> _EXTRACTED DATA_:
◆ ◆ ◆ ◆

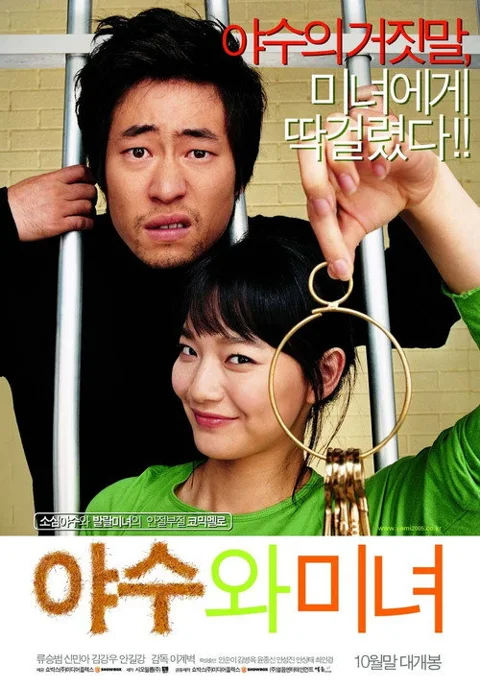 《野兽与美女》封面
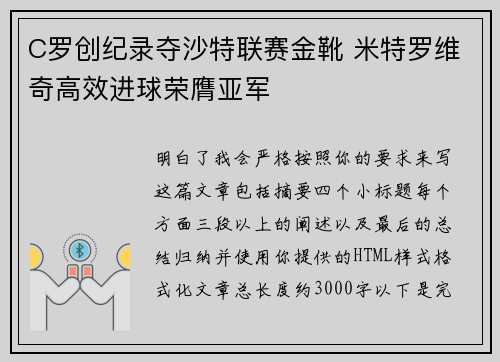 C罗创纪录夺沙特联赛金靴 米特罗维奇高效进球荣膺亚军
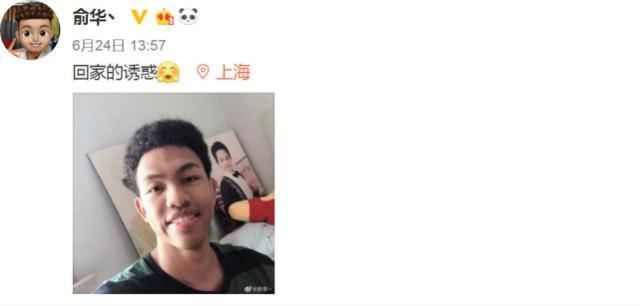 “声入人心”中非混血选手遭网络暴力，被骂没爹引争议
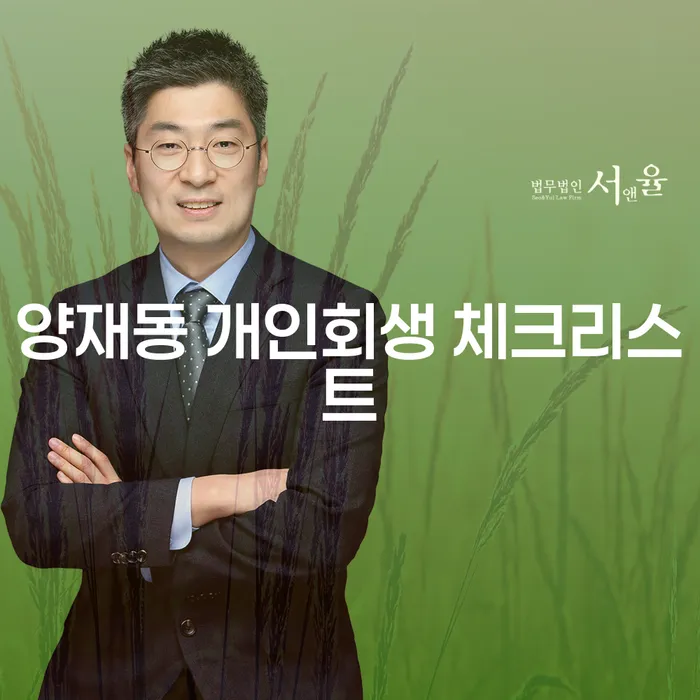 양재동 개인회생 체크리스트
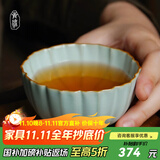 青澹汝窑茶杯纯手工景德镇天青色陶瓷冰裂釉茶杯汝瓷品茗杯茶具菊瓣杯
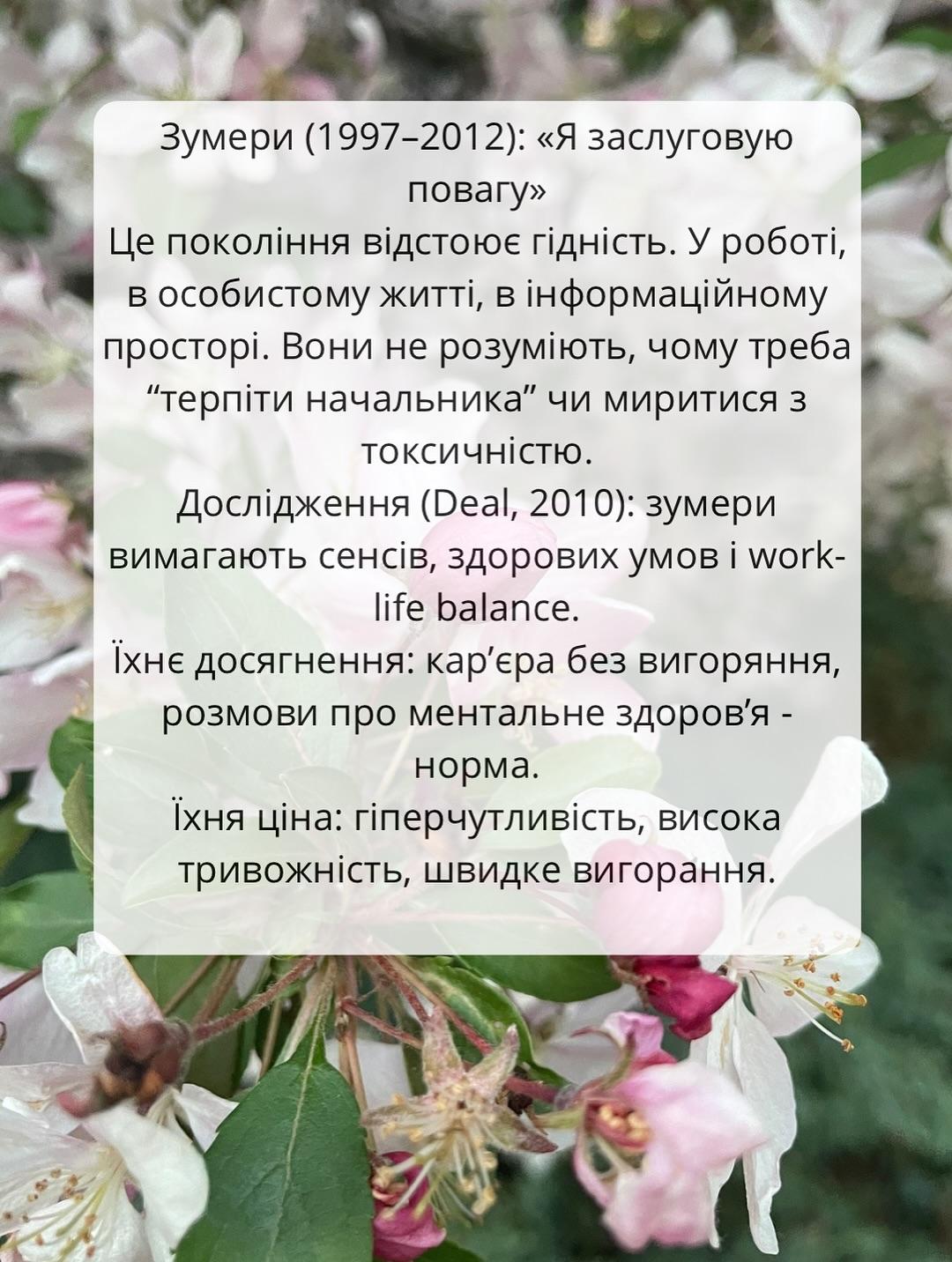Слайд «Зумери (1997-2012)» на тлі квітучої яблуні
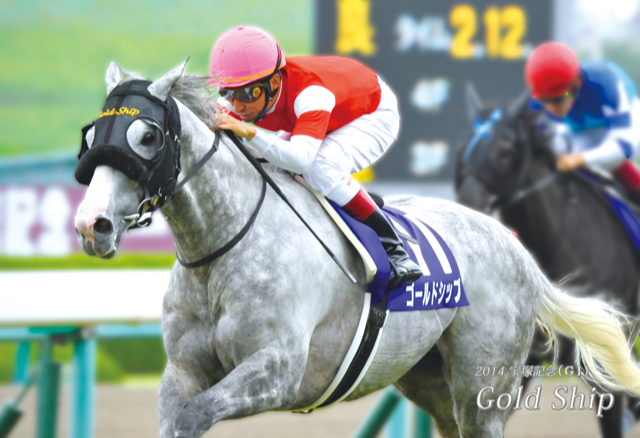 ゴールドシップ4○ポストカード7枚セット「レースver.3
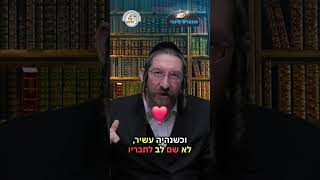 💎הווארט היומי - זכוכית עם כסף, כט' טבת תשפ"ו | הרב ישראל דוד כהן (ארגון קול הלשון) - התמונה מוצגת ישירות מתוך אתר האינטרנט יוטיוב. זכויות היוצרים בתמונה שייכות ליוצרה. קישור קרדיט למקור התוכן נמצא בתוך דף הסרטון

◆ ◆ ◆ ◆

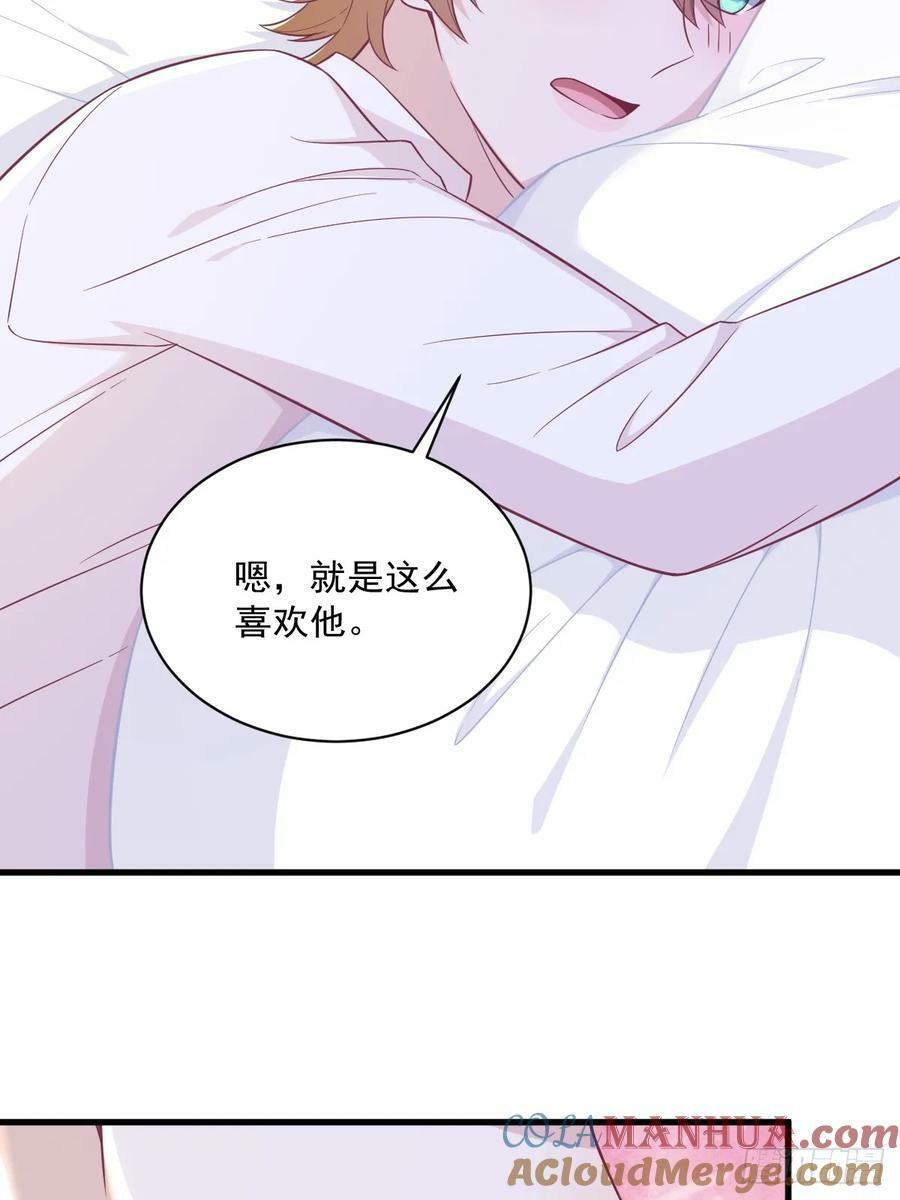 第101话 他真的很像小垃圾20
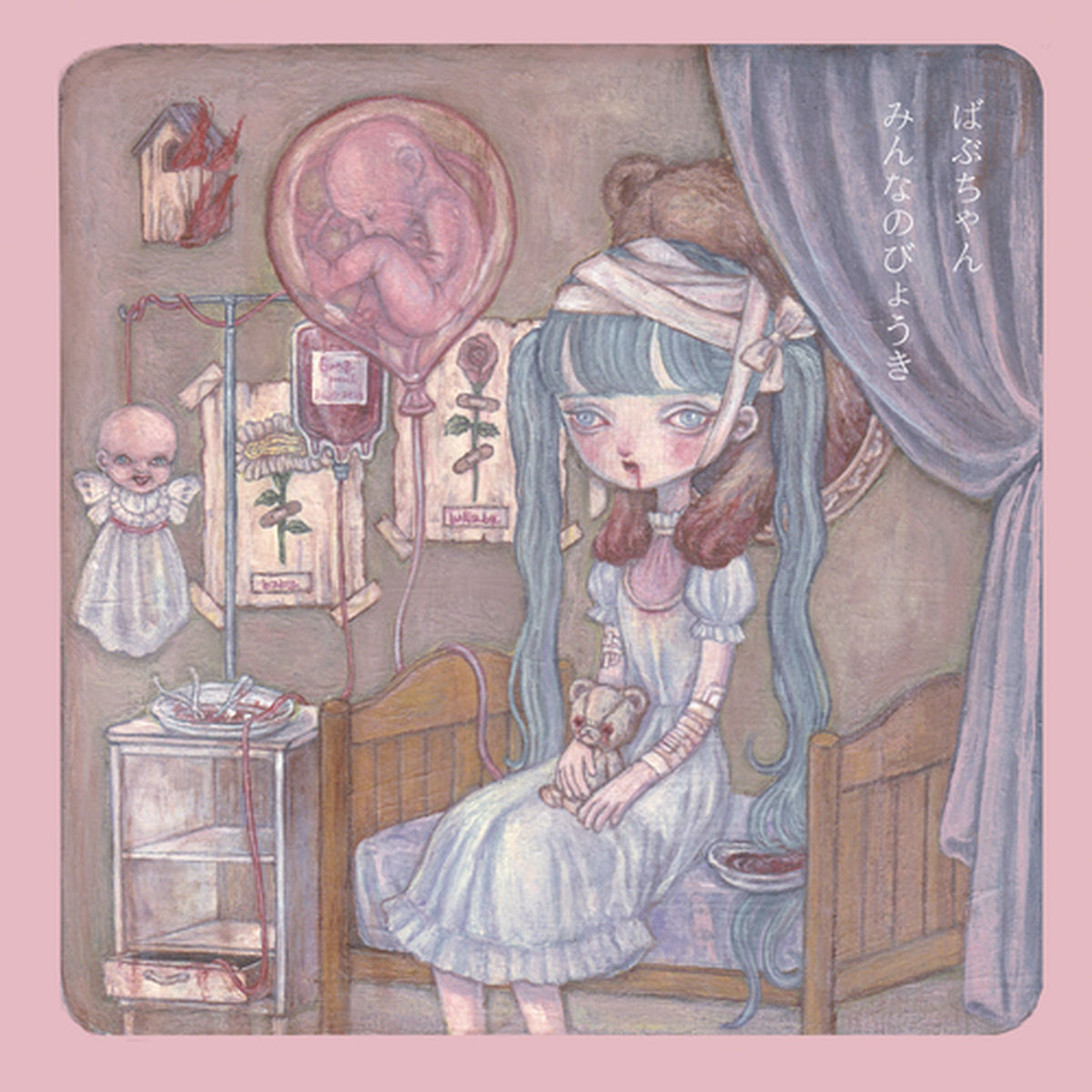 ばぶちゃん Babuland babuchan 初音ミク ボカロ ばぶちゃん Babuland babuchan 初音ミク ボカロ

◆ ◆ ◆ ◆

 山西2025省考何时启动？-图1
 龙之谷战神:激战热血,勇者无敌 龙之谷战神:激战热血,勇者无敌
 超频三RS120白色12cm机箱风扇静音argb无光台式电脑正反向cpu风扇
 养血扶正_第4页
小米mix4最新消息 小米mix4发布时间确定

◆ ◆ ◆ ◆

> _TASK DETAILS_:
Above are records; repeat only the lines from the line with "C罗创纪录夺沙特联赛金靴 米特罗维奇高效进球荣膺亚军" through the line with "בתוך דף הסרטון", and leave pictures out.

> _YOUR SOLUTION_:
 C罗创纪录夺沙特联赛金靴 米特罗维奇高效进球荣膺亚军
 “声入人心”中非混血选手遭网络暴力，被骂没爹引争议
 양재동 개인회생 체크리스트
 青澹汝窑茶杯纯手工景德镇天青色陶瓷冰裂釉茶杯汝瓷品茗杯茶具菊瓣杯
Слайд «Зумери (1997-2012)» на тлі квітучої яблуні
 ゴールドシップ4○ポストカード7枚セット「レースver.3
 💎הווארט היומי - זכוכית עם כסף, כט' טבת תשפ"ו | הרב ישראל דוד כהן (ארגון קול הלשון) - התמונה מוצגת ישירות מתוך אתר האינטרנט יוטיוב. זכויות היוצרים בתמונה שייכות ליוצרה. קישור קרדיט למקור התוכן נמצא בתוך דף הסרטון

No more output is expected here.